COWDENBEATH
Winner in 2016: Annabelle Ewing (SNP)
IF Dunfermline is the best illustration of how the 2014 independence referendum was a watershed in Scottish politics, the neighbouring constituency of Cowdenbeath is probably the second best.
Both constituencies were contested in by-elections between the 2011 election and the 2014 vote, and in both cases Labour won with a substantial swing from the SNP. The Cowdenbeath by-election took place in January 2014, which meant the referendum year got off to the worst possible start for the SNP and the independence movement more broadly.
The SNP candidate was Natalie McGarry, the future Westminster MP for Glasgow East, and her vote slumped by 13% compared to the 2011 result. Alex Rowley, who later became Scottish Labour’s deputy leader and then interim leader, was victorious with a hefty 9% increase in the Labour vote.
The difference from Dunfermline, though, is that Labour was not regaining the seat from the SNP – they’d managed to hold on to it even when the SNP won an overall majority in 2011.
So it’s not a seat that anyone would necessarily have been expecting the SNP to win in 2014 – the disappointment was simply the size of Labour’s triumph.
Jump forward to the post-indyref world and Cowdenbeath suddenly does very much look like a constituency the SNP should usually win.
Rowley lost the seat in 2016 to the SNP’s Annabelle Ewing, who had served as a list MSP for Mid-Scotland and Fife since 2011, and many years earlier had been the Westminster MP for Perth.
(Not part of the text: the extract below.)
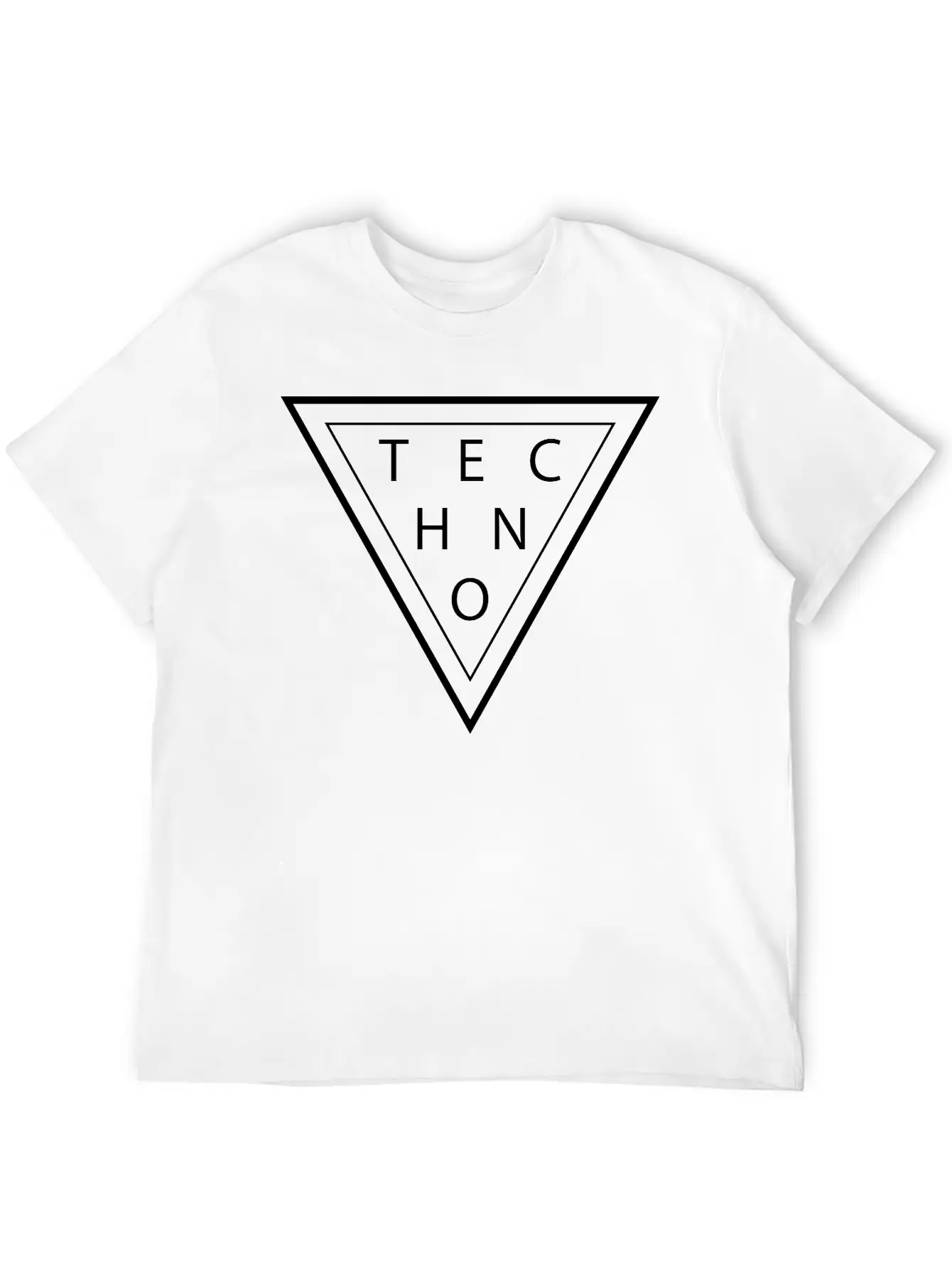 Techno Music Triangle Rave DJ Gifts Unisex Casual T-Shirt – Clean Design For Daily Comfort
The swing from Labour to SNP since the by-election was enormous at around 19 percentage points, which arguably gives a better indication of the underlying changes caused by the indyref than the more modest swing of around six or seven points that was recorded if the 2011 election is used as the baseline.
In the three Westminster General Elections that have taken place since the indyref, the overlapping Westminster constituency of Kirkcaldy and Cowdenbeath has been won twice by the SNP – although the latter of those wins occurred in weird circumstances in 2019 after the party withdrew all support from its own candidate, Neale Hanvey amid allegations of antisemitism.
He has since defected to the Alba Party and will be standing in this year’s election, albeit solely as a list candidate.
But his predecessor in the Westminster seat was Labour’s former Shadow Scottish Secretary Lesley Laird – which is a reminder that this part of Fife is one of the places where Labour’s rump Scottish vote remains strongest.
Kirkcaldy and Cowdenbeath was one of only seven Scottish seats won by Labour amid the Corbyn resurgence in 2017.
Ewing’s victory margin for the SNP in Cowdenbeath in 2016 was just over 10 percentage points, which means that on a uniform swing Labour could gain the seat even if the SNP have a double-digit national lead.
On current polling evidence she’s likely to hold on, perhaps even with an increased majority, but there’s a touch more uncertainty for her than there is for most SNP constituency MSPs facing a challenge from Labour.